Q: Voi, along with many other leading micromobility providers, published ten recommendations for cities to better integrate shared micromobility vehicles onto their streets. How did this come about? What does it hope to achieve?
Micromobility companies such as Voi have made great strides since we started operating shared e-scooter and e-bike services. We’ve learnt what works well and what doesn’t. For the industry to survive – which it needs to do for the sake of our cities and towns and for our children who deserve to live in communities with clean air and less congestion – we need to share these learnings with cities. New cities and towns considering micromobility now have a ready-made framework to enable a smooth introduction of this new form of transport. Cities who have already adopted micromobility can also use the report to make improvements to their schemes if necessary.
We believe that we’ve together created an excellent common framework, covering basics such as fees, contracts and operational best practices to give micromobility the best chance of functioning well which is better for riders, for cities and for the industry.

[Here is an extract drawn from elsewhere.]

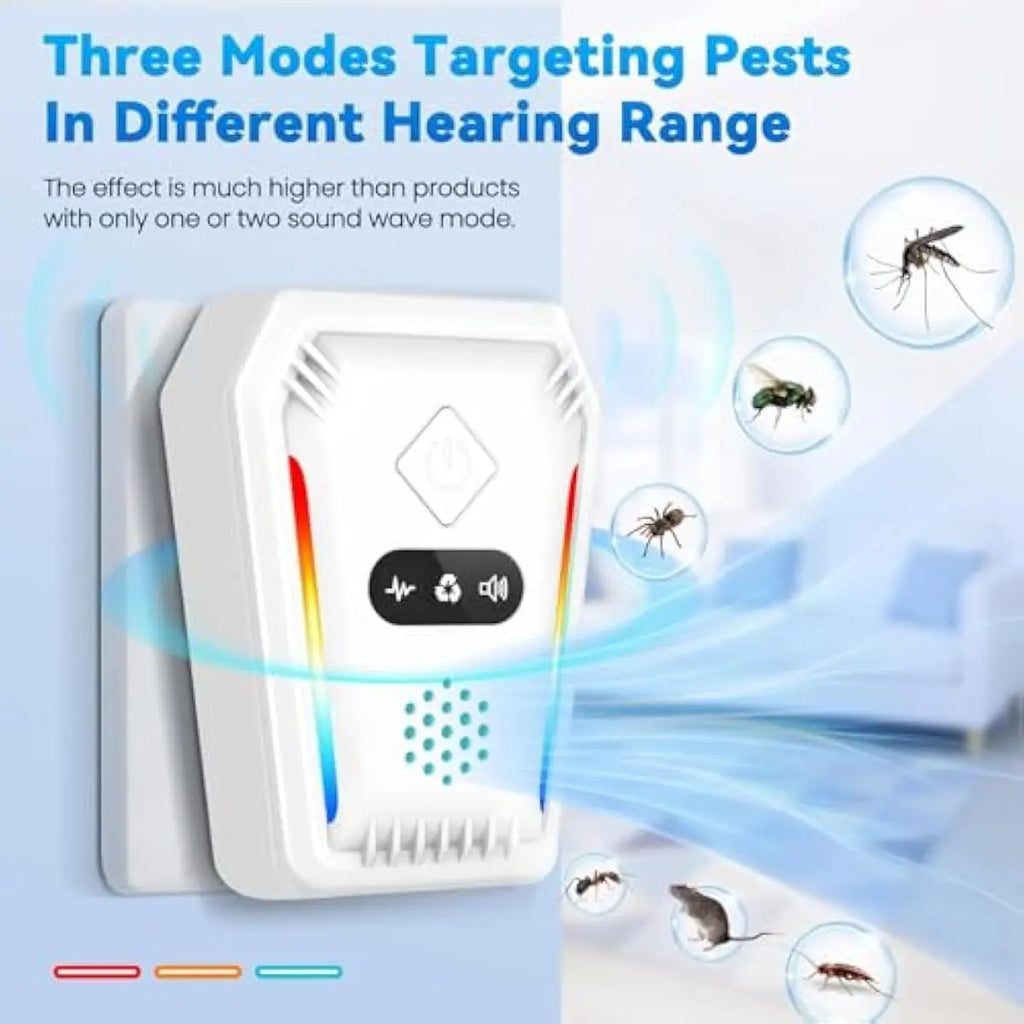 2026 Upgraded Ultrasonic Pest Repeller for Indoor Use Plug-In Device for Mice Rats Roaches Ants Spiders & Insects Home Ultrasonic Repellent with 3 Working Modes Frequency Technology Killer Bug Long-Lasting, Insect-Repelling Multi-Insect, anti Mosquito Mul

Q: Did the recent legislation passed in Paris play a factor in this? To ensure cities are educated on how to help micromobility providers?

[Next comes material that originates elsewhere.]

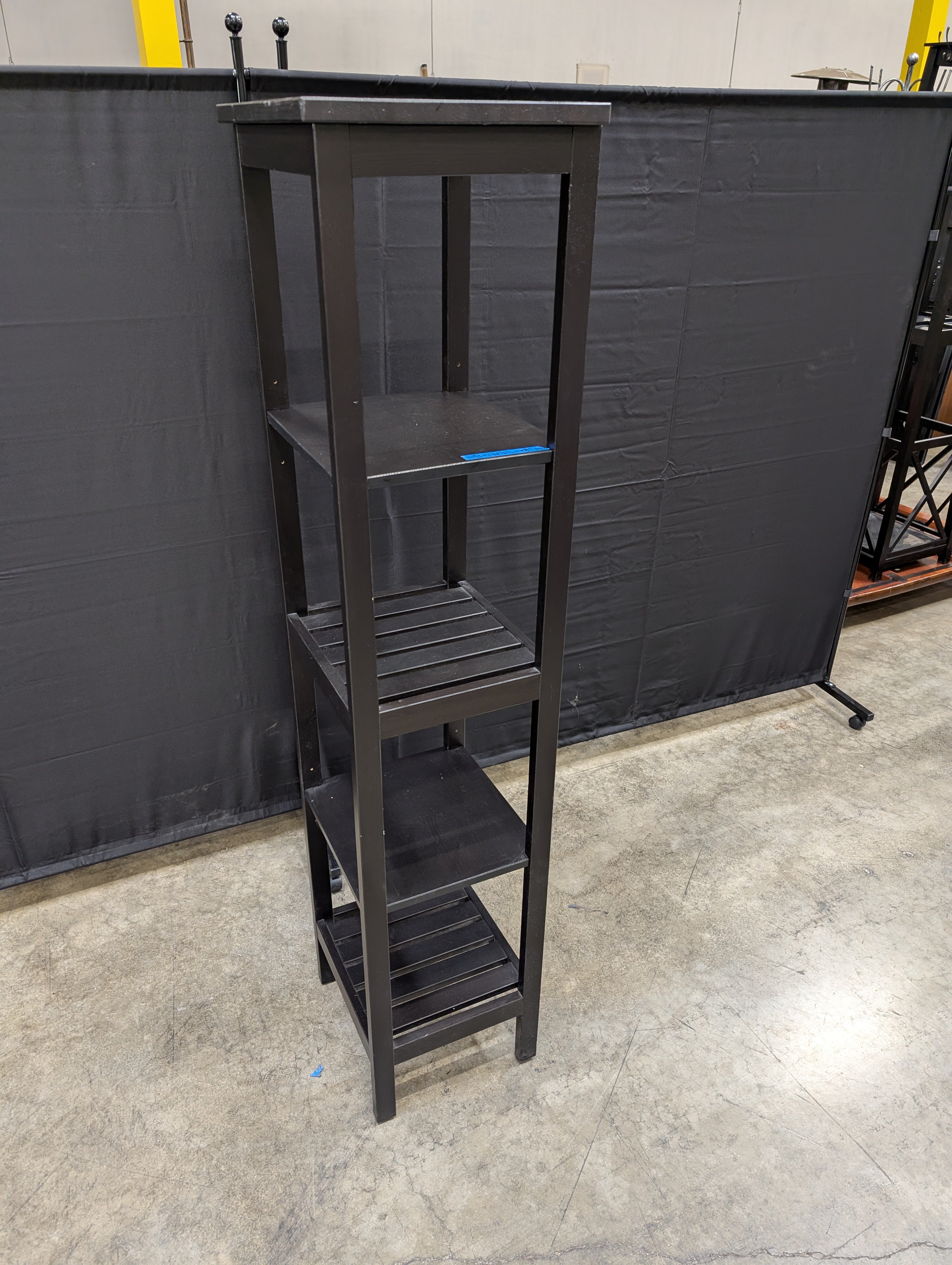 Black 4 shelf corner shelf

This joint stance pre-dated the result of the Paris referendum. However, we can’t deny it would have been fantastic if it had exerted a positive influence on the referendum result. If there had been more guidance available to Paris on how to successfully manage micromobilityschemes a year or so ago, perhaps we would never have had a referendum in Paris, or at least the result might have been different. France’s transport minister Clément Beaune has drawn up a Charter to guide operators in France – so there is a bigger move towards appropriate regulation generally. The Minister also published some recommendations for cities who want to adopt e-scooters. Micromobility has come along and disrupted incumbent forms of transport, offering a new sustainable alternative to cars. To become the norm, we need towns and cities to adopt a common operating framework which works well for operators and towns/cities.
Q: What can we expect to see from Voi in the next 12-18 months?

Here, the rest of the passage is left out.